If you’re paying attention, you may have noticed the onslaught of notifications regarding SF Open Studios from me. Well, now it’s over- at least for me, but there is one more week left of #SFOS next weekend. *Plug: If you want to see some art, let me know. I’ll take you around, personally. The talent in this City is just too good to waste by not seeing it for yourself.

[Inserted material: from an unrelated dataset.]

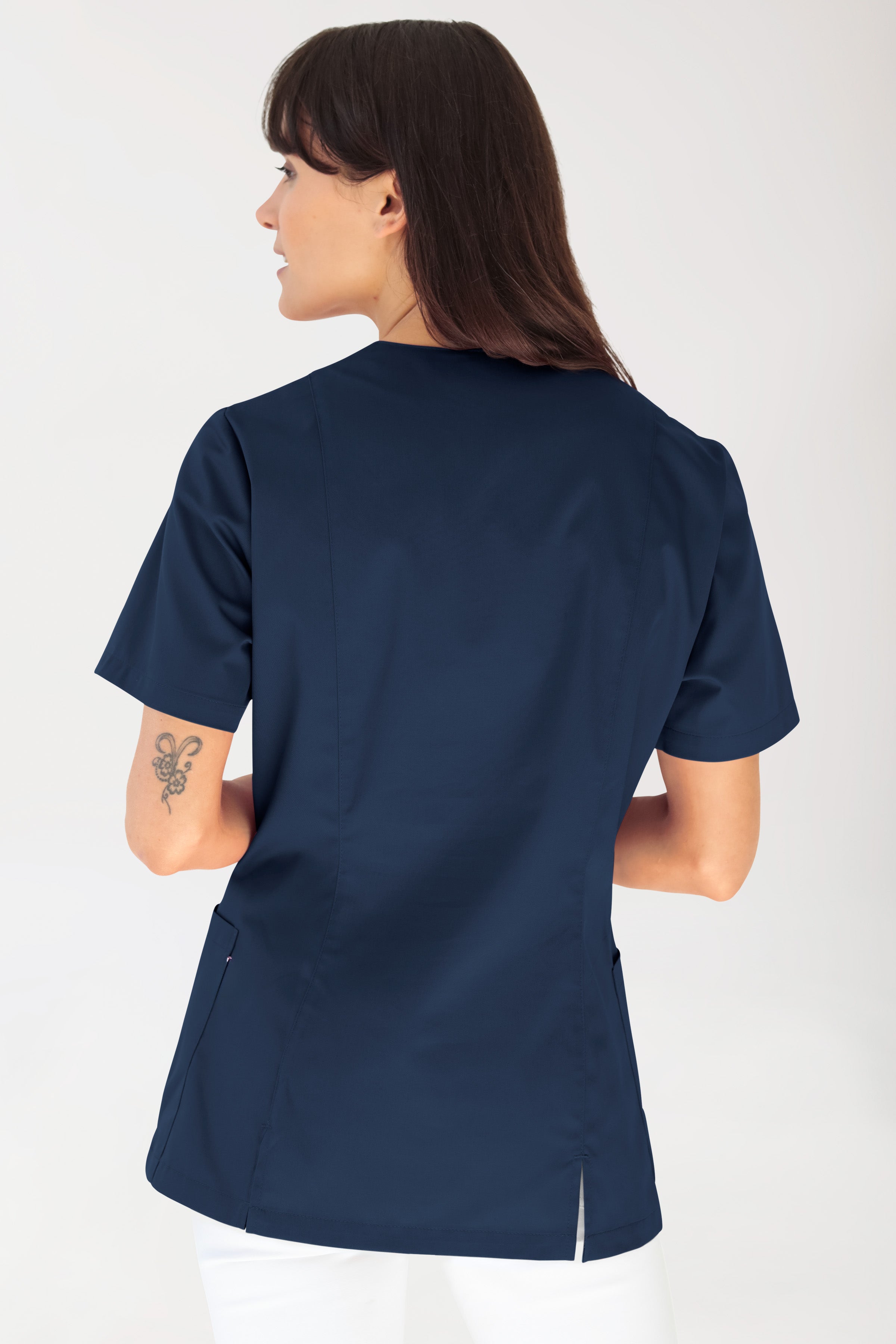 oversteektuniek dames - stretch navy, Achterzijde view 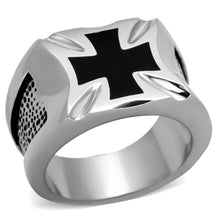 Load image into Gallery viewer, TK2064 - High polished (no plating) Stainless Steel Ring with Epoxy  in Jet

That said, if you read my last post here, you will know that I had conflicting emotions about opening up my private space to the public, selling my work, etc, etc. Well, I’m happy to report that that specific issue is now over, and since artists make it their business to collect observations, here are mine:
- Part of the job of an artist is never to be satisfied, perhaps with anything- ever. This goes with your own work, other’s work, other’s perception of your work, the nature of the business, the list goes on. I’m fairly certain that the crippling, heartbreaking sadness of never quite being happy is somehow an integral of your creative growth. Knowing this can make you feel like severely depressed, an awful ingrate, or just annoying to be around, because you know you might never be actually happy- even if you’re wildly famous and enormously wealthy. As for me, I choose to compartmentalize and ignore it 99.1% of the time because I’m good at doing that.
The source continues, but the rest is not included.